Please retype every entry as written, and keep the pictures out.

──────────

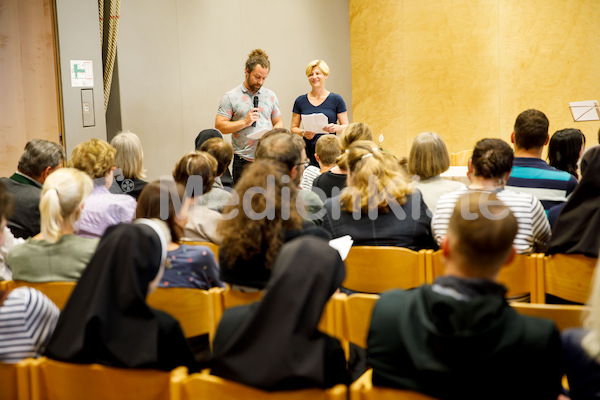 m_LNK_Lange_Nacht_der_Kirchen-5902
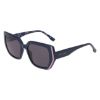 Picture of Draper James Sunglasses DJ7064
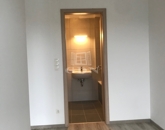 Eladó lakás Budapest XIII. ker 75 900 000 Ft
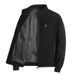 2025 New For Men, Business Style, Spring And Autumn Trendy Simple Stand Collar Jacket_desvips.com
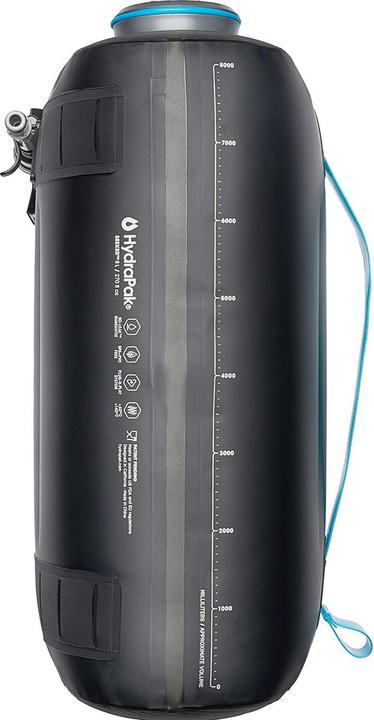 Image du produit Hydrapak Expédition (8 l)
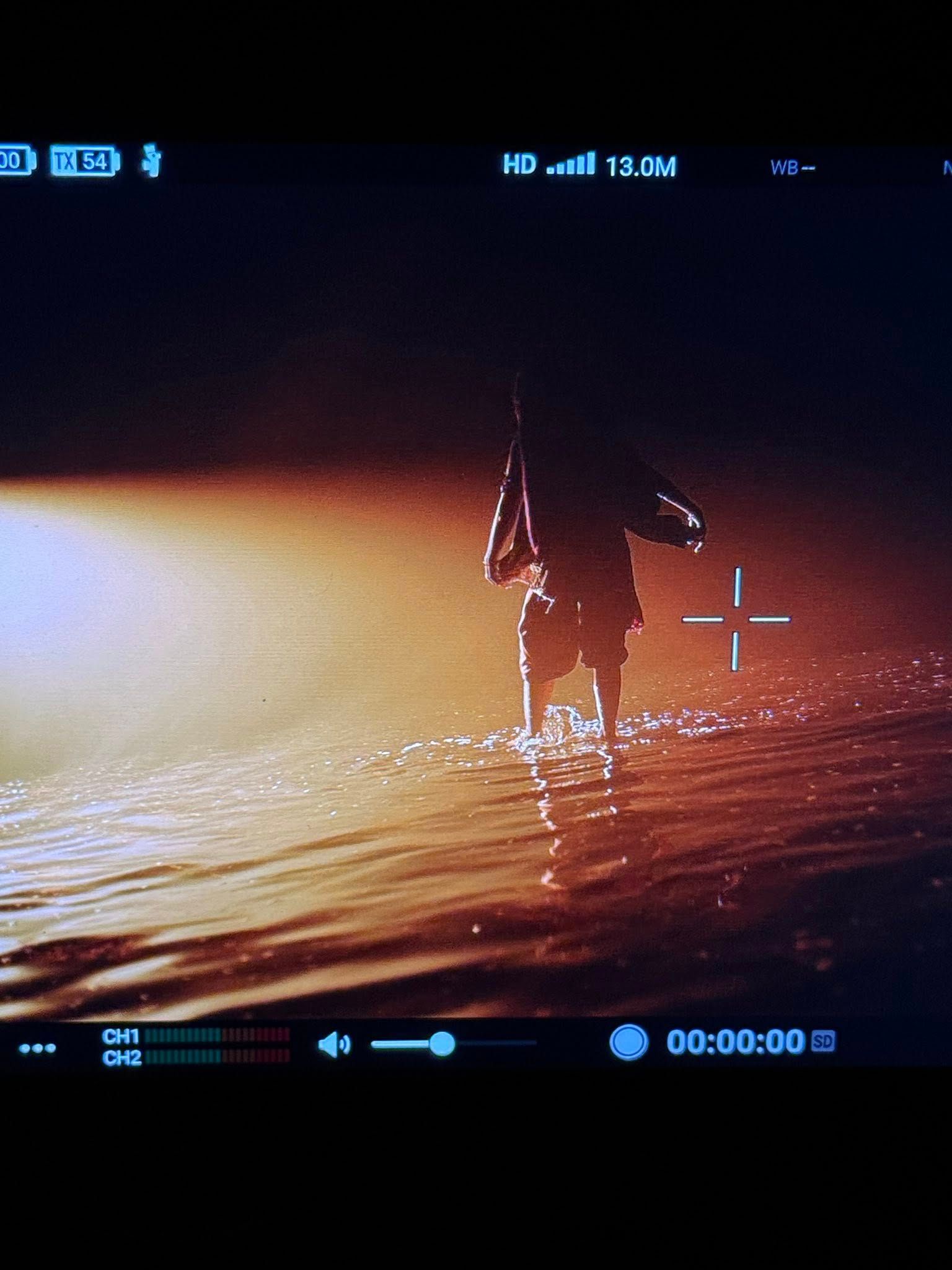 MIMIFLY x Honor of Kings - Image 5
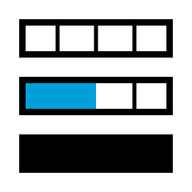 WordroW icon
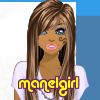 manelgirl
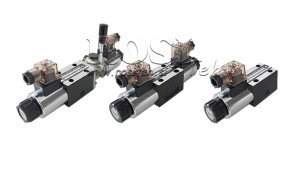 ELECTROMAGNETIC-MODULAR-CETOP-5-NG10-VALVES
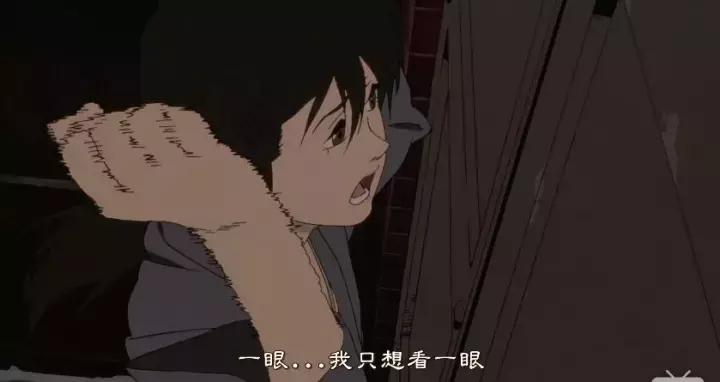 今敏编剧的电影,今敏执导的电影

──────────

» Expected output
 m_LNK_Lange_Nacht_der_Kirchen-5902
 Picture of Draper James Sunglasses DJ7064
 Eladó lakás Budapest XIII. ker 75 900 000 Ft
 2025 New For Men, Business Style, Spring And Autumn Trendy Simple Stand Collar Jacket_desvips.com
 Image du produit Hydrapak Expédition (8 l)
 MIMIFLY x Honor of Kings - Image 5
 WordroW icon
 manelgirl
 ELECTROMAGNETIC-MODULAR-CETOP-5-NG10-VALVES
 今敏编剧的电影,今敏执导的电影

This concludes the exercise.